The effectiveness of the binary and ternary complexes was confirmed by performing in vivo antimalarial activity against P. berghei infection. Suspensions containing artesunate, binary and ternary inclusion complexes were tested with respect to parasitemia progression and survival period. It is clear from the Table 4 that mice treated with artesunate dose (Standard Group) significantly prolonged their survival period (day 15–18) compared to control (day 9), but is insufficient to prevent the mortality. Test Group 1, Test Group 2 and Test Group 4 treated mice died between 15–25 days, 20–26 and 27–30 days, respectively, whereas Test Group 3 (Ternary lyophilized system) resulted in a 100% survival of infected mice even after 30 days. Survival rate of the infected mice increases from 16.7% to 50%, 67%, 83.3% for standard group and binary complexes of artesunate with β-CD, HP-β-CD and ternary complexes of β-CD, respectively. Binary Me-β-CD lyophilized suspensions are found to be more effective against P. berghei malaria with 0% mortality. Significantly less (P<0.001) mean percent parasitemia was observed in the Test Group 3 (0.002±0.0016) compared to all test groups. ANOVA have also shown significant (P<0.05) antimalarial activity of all binary and ternary complexes as to artesunate (Fig. 14).

Table 4.

Antimalarial activity of binary and ternary lyophilized complexes of artesunate in P. berghei infected mice.

Sl. no.	Groups	Treatment	Mean % parasitemia ⁎ on day 8th PI	% Survivality (n=6, t=30 days)
1	Control group	0.5% CMC solution	49.23±12.34	0
2	Standard group	Artesunate ∼(6 mg/kg)	8.48±3.21	16.7
3	Test group 1	As−β-CD ∼(6 mg/kg of artesunate)	6.25±6.82	50
4	Test group 2	As–HP-β-CD ∼(6 mg/kg of artesunate )	4.27±9.43	67.7
5	Test group 3	As–Me-β-CD ∼(6 mg/kg of artesunate )	0.002±0.0016	100
6	Test group 4	As–β-CD–PEG ∼(6 mg/kg of artesunate)	1.025±1.04	83.3

t=no. of days.

n=no. of animals per group.

PI=post inoculation.

As–β-CD=artesunate–β-cyclodextrin complexes.

As–Me-β-CD=artesunate–methyl-β-cyclodextrin complexes.

As–HP-β-CD=artesunate–hydroxypropyl-β-cyclodextrin complexes.

As–β-CD–PEG=artesunate–β-cyclodextrin–PEG complexes.
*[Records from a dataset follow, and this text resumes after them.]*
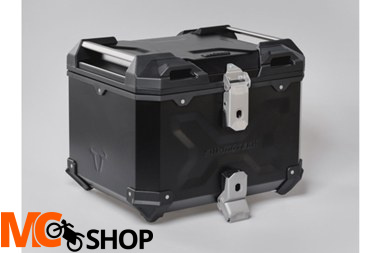 SW-MOTECH ALK.00.733.15000/B KUFER CENTRALNY TOPCASE TRAX SW-MOTECH ALK.00.733.15000/B KUFER CENTRALNY TOPCASE TRAX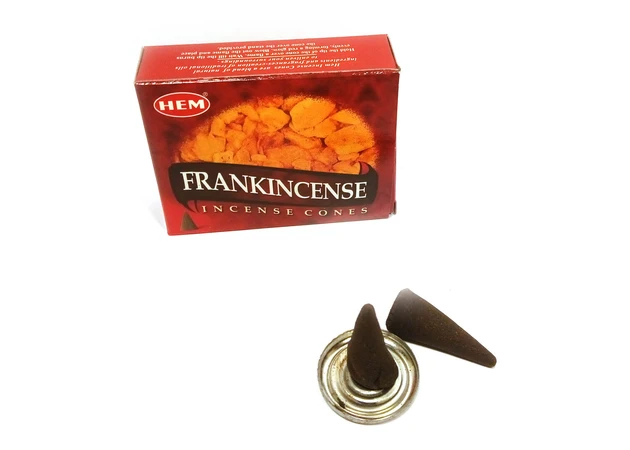 Фото 1 - Frankincense (Hem) cones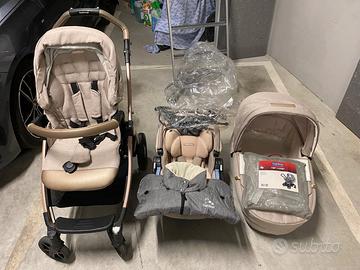 Trio Peg Perego Book 51 Lounge Mon Amour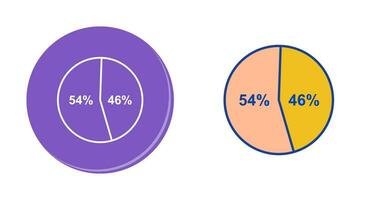 Candidate Stats Vector Icon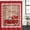 Red Brown, variant on Red Valentine's Day Shower Curtain Set - 72" x 78" Washable Bathtub Curtain with 12 Hooks, Love Heart Truck Romantic Abstract Art Waterproof Fabric Stall Shower Curtains for Bathroom/Bathtub Décor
^⁎Values were expressed as mean±SD (standard deviation).

Fig. 14.

Antimalarial activity of Me-β-CD lyophilized complexes of artesunate in P. berghei infected mice “(n=6)” as compared to drug.

4. Conclusion

The mean binding energy computed by molecular modeling for β-CD–artesunate complex is correlated well with the experimentally determined values. The ternary systems clearly signify superiority over binary complexes in terms of solubility and reduction in the formulation bulk. PEG was found to be the most suitable auxiliary substance in terms of superior complexation efficiency and stability constant. Higher stability constant values in the presence of PEG suggest a significant improvement in the complexation efficiency between artesunate and β-CD. This is supported by the in vitro dissolution rate, which was found to be maximum for Me-β-CD lyophilized complexes. Enhanced in vivo antimalarial activity and protective efficacy against P. berghei infection was observed for the complexes. However, increment is more in the presence of PEG. Best survival rate was observed for binary complexes with Me-β-CD, which is comparable to the ternary complexes of β-CD in the presence of PEG. Thus, encapsulation of artesunate by cyclodextrins in the presence of PEG is a good alternative to enhance the bioavailability of the drug as well as to enhance its antimalarial activity.